Thursday, September 21, 2006

Please, Please Don't Go to Yasukuni (and I'll Feel Fine)

The Chinese official media's continuing silence on the relationship between Abe Shinzō and leaders of the Tsukurukai remains deafening.

Not one peep about textbooks.

Abe urged to keep his word, mend ties
China Daily

China expressed hope yesterday that the newly-elected president of Japan's ruling party will "make sincere efforts" to improve Sino-Japanese relations.


"We hope the new LDP leader can match his words with action and make sincere efforts for the improvement of bilateral relations," said Foreign Ministry spokesman Qin Gang.

Abe who has repeatedly declared that he seeks better ties with China is set to succeed Junichiro Koizumi as Japan's prime minister next Tuesday, given the LDP's majority in the House of Representatives which has the final say in the choice.

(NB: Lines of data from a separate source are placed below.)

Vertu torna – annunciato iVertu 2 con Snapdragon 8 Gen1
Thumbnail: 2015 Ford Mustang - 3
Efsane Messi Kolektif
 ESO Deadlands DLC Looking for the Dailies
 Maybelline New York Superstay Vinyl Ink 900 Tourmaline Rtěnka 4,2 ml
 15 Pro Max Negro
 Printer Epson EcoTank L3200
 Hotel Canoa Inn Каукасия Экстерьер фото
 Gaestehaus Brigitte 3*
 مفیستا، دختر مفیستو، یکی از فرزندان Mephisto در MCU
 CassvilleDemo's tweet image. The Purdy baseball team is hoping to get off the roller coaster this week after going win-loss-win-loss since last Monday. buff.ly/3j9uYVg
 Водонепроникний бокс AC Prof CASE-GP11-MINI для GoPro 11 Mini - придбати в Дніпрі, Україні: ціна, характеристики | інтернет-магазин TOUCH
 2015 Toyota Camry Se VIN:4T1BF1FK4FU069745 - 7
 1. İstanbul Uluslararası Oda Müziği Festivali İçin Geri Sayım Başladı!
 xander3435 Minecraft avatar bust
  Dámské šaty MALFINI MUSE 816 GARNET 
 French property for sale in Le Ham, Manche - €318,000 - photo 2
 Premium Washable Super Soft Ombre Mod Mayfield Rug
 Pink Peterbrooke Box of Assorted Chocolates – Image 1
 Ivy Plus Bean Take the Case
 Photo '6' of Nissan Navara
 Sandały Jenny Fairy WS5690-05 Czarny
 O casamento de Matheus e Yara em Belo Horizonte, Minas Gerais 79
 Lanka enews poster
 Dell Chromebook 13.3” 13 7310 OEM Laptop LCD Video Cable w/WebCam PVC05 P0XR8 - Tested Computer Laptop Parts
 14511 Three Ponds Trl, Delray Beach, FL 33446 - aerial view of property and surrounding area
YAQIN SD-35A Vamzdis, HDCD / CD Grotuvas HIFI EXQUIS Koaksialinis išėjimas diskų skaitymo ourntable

He has defended Koizumi's pilgrimages to the Yasukuni Shrine, where Japan's war dead, including World War II criminals are honoured; and refused to say whether he would visit the shrine as prime minister.

"The key to solving the present difficulties is for the Japanese leader to make an early resolution on removing the political barrier of the shrine visits, and bringing bilateral relations back on to the normal track," Qin told a regular news briefing on Tuesday.

Judging from Abe's political record and his words and actions while serving as chief cabinet secretary in the cabinet of the outgoing prime minister, it is hard to expect breakthroughs in the settlement of disputes between the two nations, said Zheng Donghui, a researcher on Japan at the China Institute of International Studies.

The son of a foreign minister and grandson of a prime minister, Abe has positioned himself as a hawkish politician. Pacifists say Abe is a nationalist who will push for a militarized Japan, while supporters claim he just wants a stronger foreign policy.

"Anyway, he can't avoid the problem of the Yakusuni Shrine, on which he has to make a wise political decision if he wants to improve Sino-Japanese relations," Zheng said.

Mea Maxima Culpa - In a previous post, I said that Yagi Hidetsugu and Shimada Yōichi were the chairman and vice chairman of of the Tsukurukai.

Neither is correct.

Yagi stepped down from the position of chairman to the position of vice-chairman in March of this year. In May, he resigned from position of vice chairman.

Shimada Yōichi was a Senior Editor of the Tsukurukai's civics textbook.

Missing from my list of close Abe confidants associated with the Tsukurukai is Kyoto University professor Nakanishi Terumasa.

Nakanishi resigned from the Tsukurukai's Board of Directors on May 22, 2006.